§ **BRIEF**:
Give back the entries that follow exactly as written. Any picture gets left out.

§ **Caption-style text data**:
------------------------------------------------------------------------

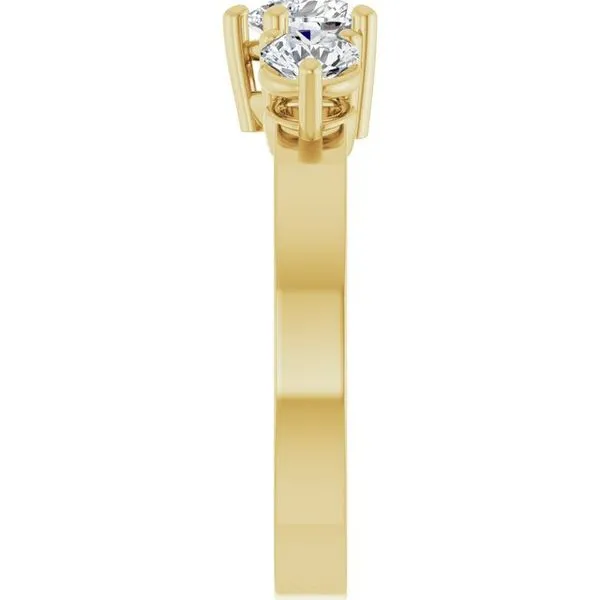 Three-Stone Engagement Ring Image 4 Witt's Jewelry Wayne, NE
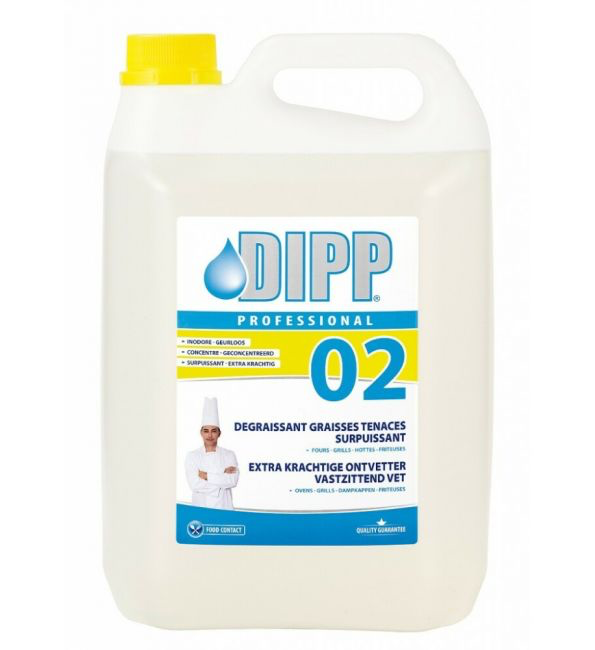 DIPP N°02 XTRA KRACHTIGE ONTVETTER 5 L REF:4471205 DIPP - PROFESSIONEEL GEBRUIK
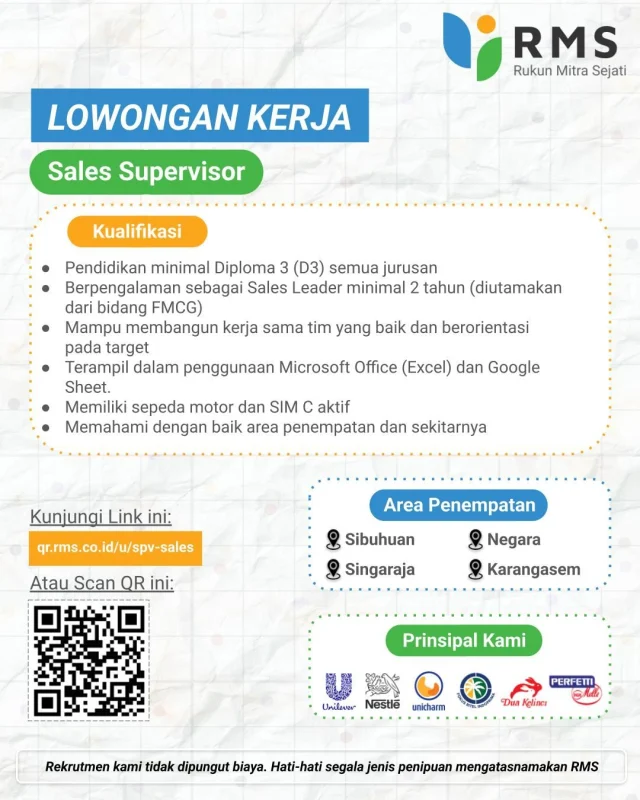 Supervisor Outlet: Memimpin Tim Penjualan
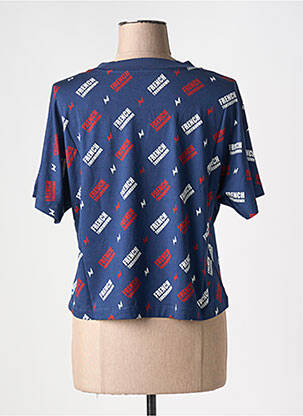 Tricou imprimeu fantezie mâneci scurte albastru NORTHERN SPIRIT femeie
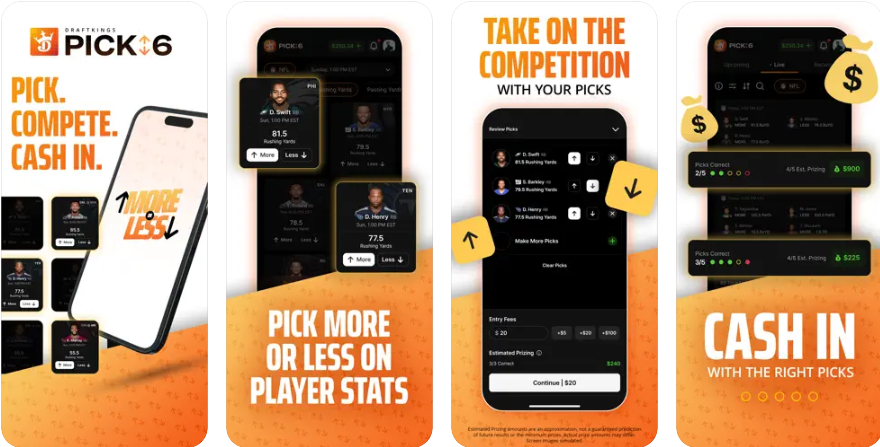 DraftKings Pick6 App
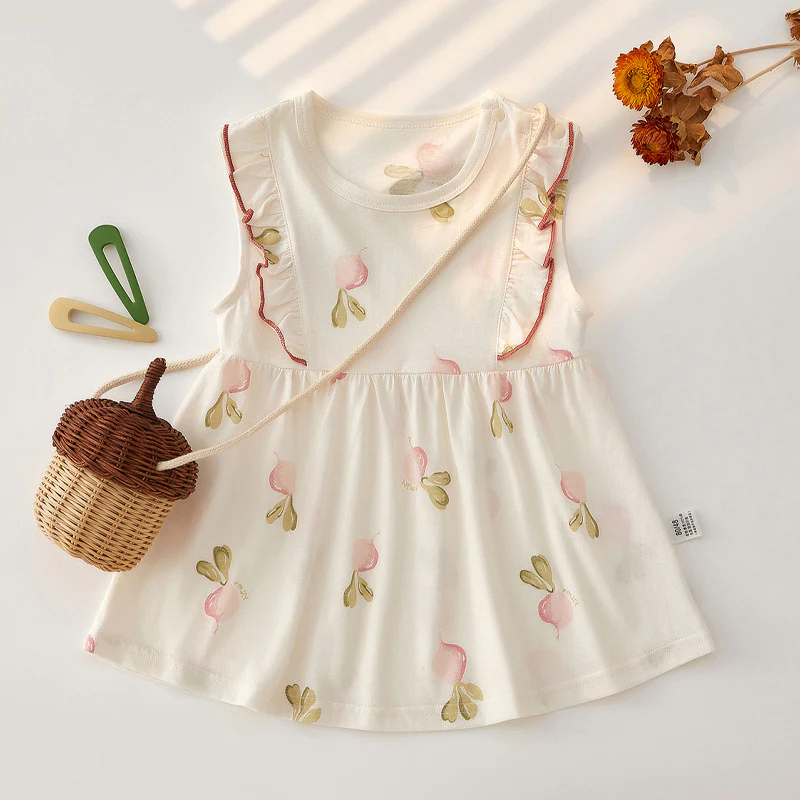 Girl's Dress Baby Summer Clothing Princess Dress Baby Suspender Gauze Dress Girl's Clothes Ins Children's Clothing Kids' Skirt - Deanwangkt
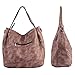 WISHESGEM Women Handbags Top-Handle Fashion Hobo Tote Bags PU Leather Shoulder Satchel...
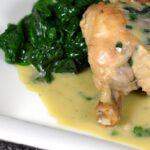 Savory Baked Chicken Thighs in Rich Creamy Spinach Sauce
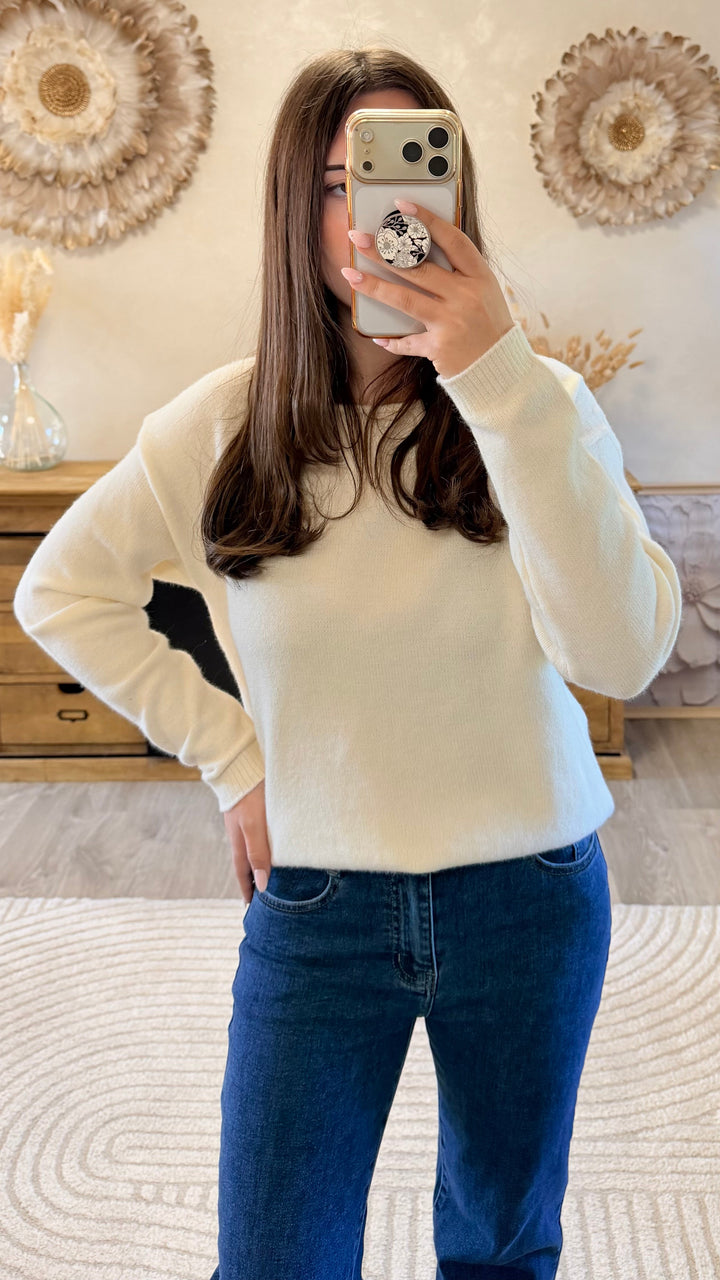 Pull Paula écru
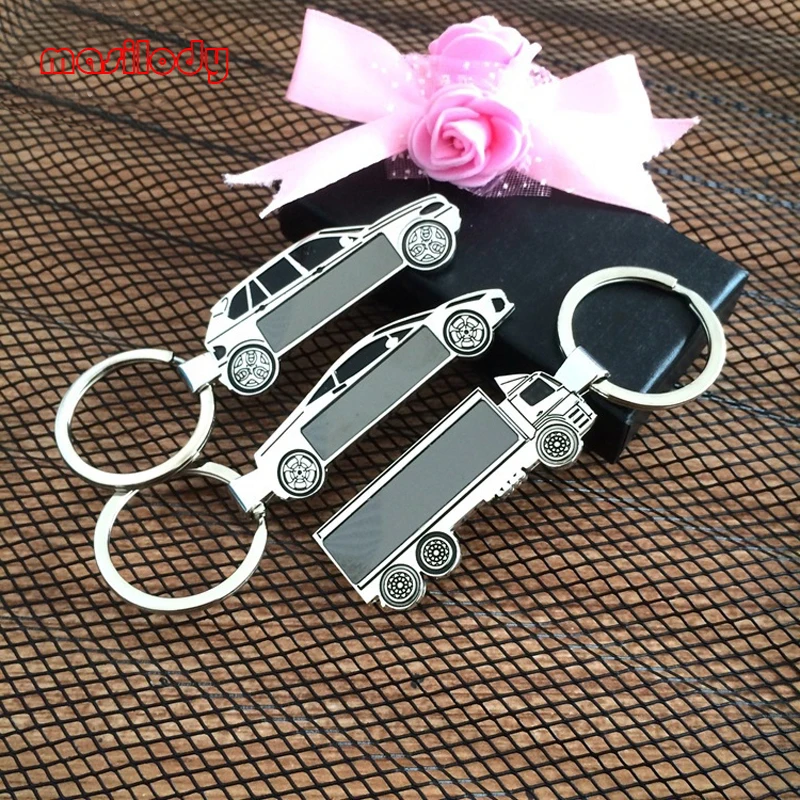 Buy 100pcs/lot Metal Car Keychain Free For 2 Side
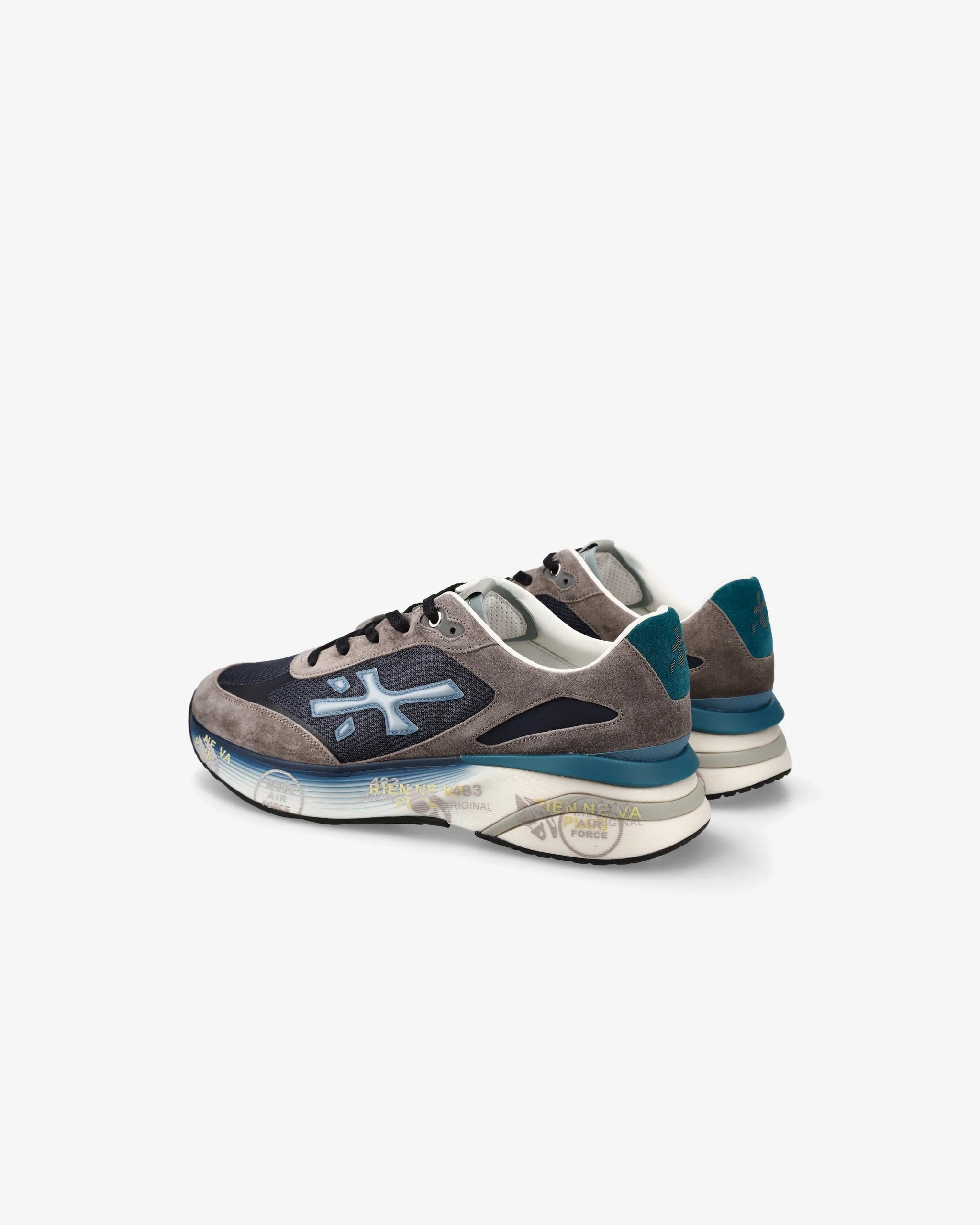 PREMIATA Sneaker Uomo Moerun 7772-Grigio Scuro Blu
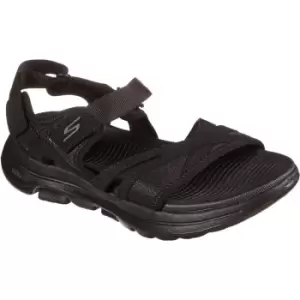 image of Skechers Womens Go Walk 5 Restored Contoured Summer Sandals UK Size 3 (EU 36)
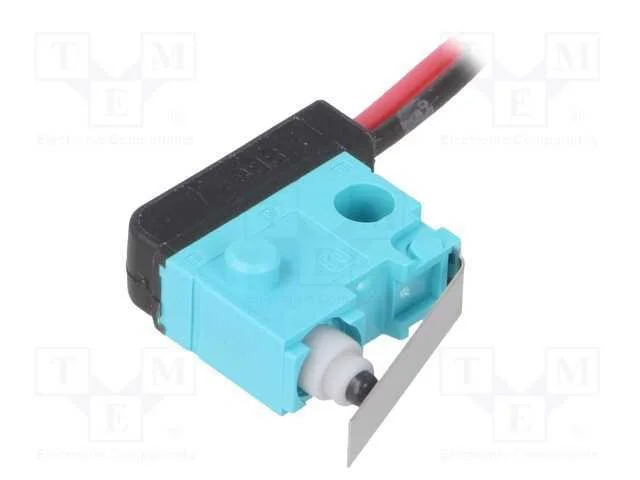 Microinterruptor Snap Action, com Alavanca, Spst-Nc, 0,1a/30vdc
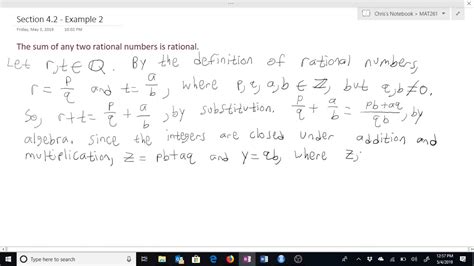 Is The Sum Of Two Rational Numbers Always Rational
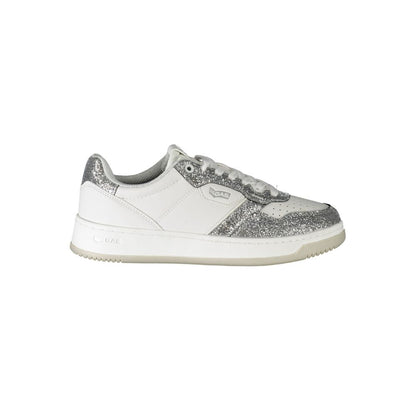Gas White Polyester Sneaker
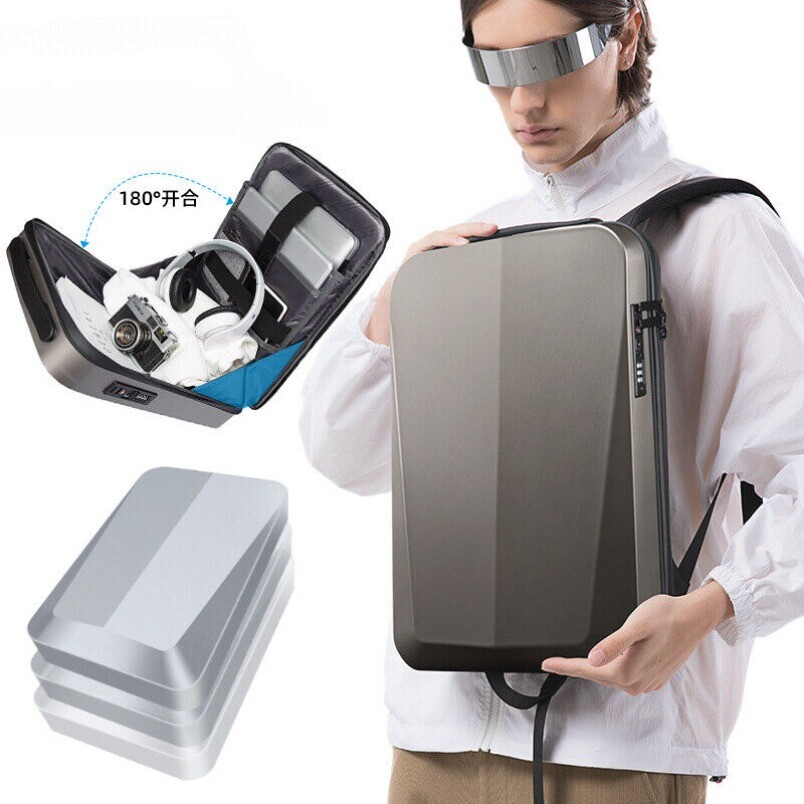 15.6in Premium Mens Backpack Computer Bag Anti-theft Waterproof Usb Business Bag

------------------------------------------------------------------------

§ **WRITTEN ANSWER**:
 Three-Stone Engagement Ring Image 4 Witt's Jewelry Wayne, NE
 DIPP N°02 XTRA KRACHTIGE ONTVETTER 5 L REF:4471205 DIPP - PROFESSIONEEL GEBRUIK
 Supervisor Outlet: Memimpin Tim Penjualan
 Tricou imprimeu fantezie mâneci scurte albastru NORTHERN SPIRIT femeie
 DraftKings Pick6 App
 Girl's Dress Baby Summer Clothing Princess Dress Baby Suspender Gauze Dress Girl's Clothes Ins Children's Clothing Kids' Skirt - Deanwangkt
 WISHESGEM Women Handbags Top-Handle Fashion Hobo Tote Bags PU Leather Shoulder Satchel...
 Savory Baked Chicken Thighs in Rich Creamy Spinach Sauce
 Pull Paula écru
 Buy 100pcs/lot Metal Car Keychain Free For 2 Side
 PREMIATA Sneaker Uomo Moerun 7772-Grigio Scuro Blu
 image of Skechers Womens Go Walk 5 Restored Contoured Summer Sandals UK Size 3 (EU 36)
 Microinterruptor Snap Action, com Alavanca, Spst-Nc, 0,1a/30vdc
 Is The Sum Of Two Rational Numbers Always Rational
Gas White Polyester Sneaker
 15.6in Premium Mens Backpack Computer Bag Anti-theft Waterproof Usb Business Bag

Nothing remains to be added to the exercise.